Where did summer break go? The kids are trudging back to school around here already. In case you are tempted to tsk-tsk sympathetically and pity them for being back in school in August, don’t: they more than make up for it with a ridiculously-long Christmas break. Not that I’m bitter or anything about only having a few measly days off for the holidays way, way back when I was a kid.
Something else we didn’t have when I was in school was orientation before school started. We got our teacher’s name from the newspaper and just showed up the first day.
Gary and I trekked to Hickville to meet the kids’ teachers and make sure the kids knew where to go the first day. Well, at least that’s why we were there. Crow’s witless contribution to first-day-of-school preparations included beaming fatuously at Dove in her classroom and cooing delightedly as she jabbed a finger toward the desks, practically jumping up and down, “Oooh, you’re across from your boy-crush!” Yes, that’s what we want Dove to focus on, not her education or learning or anything silly and pointless like that.
Ever since the girls were in pre-school, Crow and her inbred family have pushed the crush/boyfriend thing onto them like they were mail-order brides. The only aspirations and ambitions the girls are supposed to have, apparently, are attracting boys, giggling about boys, and getting married as soon as humanly possible. This plan resulted in Crow failing miserably in two marriages and being stuck in an entry-level job as she’s pushing 50, but I don’t want to dampen the zealous enthusiasm for this incredible life plan for the girls, now do I?
Actually, yes I do. The concept of any of the kids looking to Crow or her family as role models for life is terrifying. Lying, deceit, manipulation, maniacal denial about their laundry list of mental issues…that’s all the kids will find in that bag of crazy. They live with it every day, though, and I’m not quite sure they don’t just accept it as normal, which is scary.
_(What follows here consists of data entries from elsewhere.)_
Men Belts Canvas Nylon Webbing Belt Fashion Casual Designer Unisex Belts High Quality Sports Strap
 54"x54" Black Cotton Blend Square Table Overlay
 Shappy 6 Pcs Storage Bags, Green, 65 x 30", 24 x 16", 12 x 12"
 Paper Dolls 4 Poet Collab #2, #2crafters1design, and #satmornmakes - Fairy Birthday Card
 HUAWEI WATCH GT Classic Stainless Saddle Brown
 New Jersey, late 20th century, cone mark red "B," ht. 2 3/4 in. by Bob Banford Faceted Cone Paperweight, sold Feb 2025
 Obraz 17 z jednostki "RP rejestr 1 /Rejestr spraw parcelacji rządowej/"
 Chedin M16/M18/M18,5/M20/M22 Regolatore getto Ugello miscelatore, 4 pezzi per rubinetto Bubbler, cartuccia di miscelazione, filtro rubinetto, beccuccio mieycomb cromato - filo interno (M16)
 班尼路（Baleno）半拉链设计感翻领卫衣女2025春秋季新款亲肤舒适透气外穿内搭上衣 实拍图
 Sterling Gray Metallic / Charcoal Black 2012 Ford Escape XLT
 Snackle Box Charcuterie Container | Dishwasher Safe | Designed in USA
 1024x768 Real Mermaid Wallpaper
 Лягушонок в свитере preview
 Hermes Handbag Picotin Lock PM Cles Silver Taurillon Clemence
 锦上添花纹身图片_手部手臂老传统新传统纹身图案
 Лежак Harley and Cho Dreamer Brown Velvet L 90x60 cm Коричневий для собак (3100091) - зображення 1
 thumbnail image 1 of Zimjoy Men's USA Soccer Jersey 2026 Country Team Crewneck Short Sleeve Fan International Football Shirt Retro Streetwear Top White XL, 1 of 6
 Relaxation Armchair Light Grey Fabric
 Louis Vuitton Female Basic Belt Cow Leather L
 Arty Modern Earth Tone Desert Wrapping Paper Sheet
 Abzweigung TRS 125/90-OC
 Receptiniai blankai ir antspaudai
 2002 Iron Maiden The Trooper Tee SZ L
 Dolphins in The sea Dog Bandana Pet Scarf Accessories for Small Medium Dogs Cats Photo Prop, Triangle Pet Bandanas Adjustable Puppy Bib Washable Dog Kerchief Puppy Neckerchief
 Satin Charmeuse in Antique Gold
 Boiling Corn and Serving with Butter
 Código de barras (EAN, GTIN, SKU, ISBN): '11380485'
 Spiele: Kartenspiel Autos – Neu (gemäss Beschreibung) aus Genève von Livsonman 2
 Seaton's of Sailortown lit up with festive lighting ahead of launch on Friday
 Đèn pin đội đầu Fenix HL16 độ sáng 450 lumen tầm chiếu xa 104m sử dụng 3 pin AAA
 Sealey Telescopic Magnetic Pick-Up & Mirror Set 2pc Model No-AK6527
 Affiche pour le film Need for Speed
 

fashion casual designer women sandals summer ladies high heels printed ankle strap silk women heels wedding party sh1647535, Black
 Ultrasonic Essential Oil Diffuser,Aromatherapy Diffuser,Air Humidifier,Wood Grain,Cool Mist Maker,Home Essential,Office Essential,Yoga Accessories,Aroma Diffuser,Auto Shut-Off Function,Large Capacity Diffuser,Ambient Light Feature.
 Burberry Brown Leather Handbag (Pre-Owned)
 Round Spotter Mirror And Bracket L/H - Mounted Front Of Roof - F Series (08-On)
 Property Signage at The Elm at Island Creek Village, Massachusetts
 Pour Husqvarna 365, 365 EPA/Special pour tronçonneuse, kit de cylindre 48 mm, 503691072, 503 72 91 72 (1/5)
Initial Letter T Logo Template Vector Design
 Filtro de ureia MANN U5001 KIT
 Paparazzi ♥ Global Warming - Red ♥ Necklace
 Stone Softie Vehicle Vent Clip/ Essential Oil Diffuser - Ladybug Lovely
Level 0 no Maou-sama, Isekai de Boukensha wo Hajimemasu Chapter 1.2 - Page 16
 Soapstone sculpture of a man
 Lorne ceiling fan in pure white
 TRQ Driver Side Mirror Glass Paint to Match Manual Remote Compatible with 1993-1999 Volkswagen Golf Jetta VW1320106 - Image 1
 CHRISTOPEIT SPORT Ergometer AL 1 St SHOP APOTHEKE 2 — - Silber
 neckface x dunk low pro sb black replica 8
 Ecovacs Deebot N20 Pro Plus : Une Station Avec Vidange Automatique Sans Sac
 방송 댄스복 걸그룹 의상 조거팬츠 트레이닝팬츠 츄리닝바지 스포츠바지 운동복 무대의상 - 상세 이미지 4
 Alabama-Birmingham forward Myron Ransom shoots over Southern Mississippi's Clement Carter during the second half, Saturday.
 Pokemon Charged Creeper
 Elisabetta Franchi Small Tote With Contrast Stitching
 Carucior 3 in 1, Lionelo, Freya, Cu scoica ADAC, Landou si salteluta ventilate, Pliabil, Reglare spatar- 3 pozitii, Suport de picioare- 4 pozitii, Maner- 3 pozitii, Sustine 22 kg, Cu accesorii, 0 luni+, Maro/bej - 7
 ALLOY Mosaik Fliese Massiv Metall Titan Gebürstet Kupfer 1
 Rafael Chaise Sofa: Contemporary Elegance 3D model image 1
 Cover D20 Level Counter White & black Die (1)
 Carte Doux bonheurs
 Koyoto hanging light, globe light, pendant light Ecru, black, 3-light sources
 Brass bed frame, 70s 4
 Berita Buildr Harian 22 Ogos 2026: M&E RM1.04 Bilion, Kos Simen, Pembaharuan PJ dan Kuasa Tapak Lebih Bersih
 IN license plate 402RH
Gary made a point of reminding Dove that she is at school to learn, not worry about which boy is sitting near her. She nodded, but I’m not sure she understands the mixed messages that come from Crow’s whacked-out sideline vs. ours. I hope what we say sinks in. Having only every other weekend to scrape out the sludgy garbage that Crow pours into their heads, and replace it with anything valuable and rational, feels impossible, but we will certainly keep trying.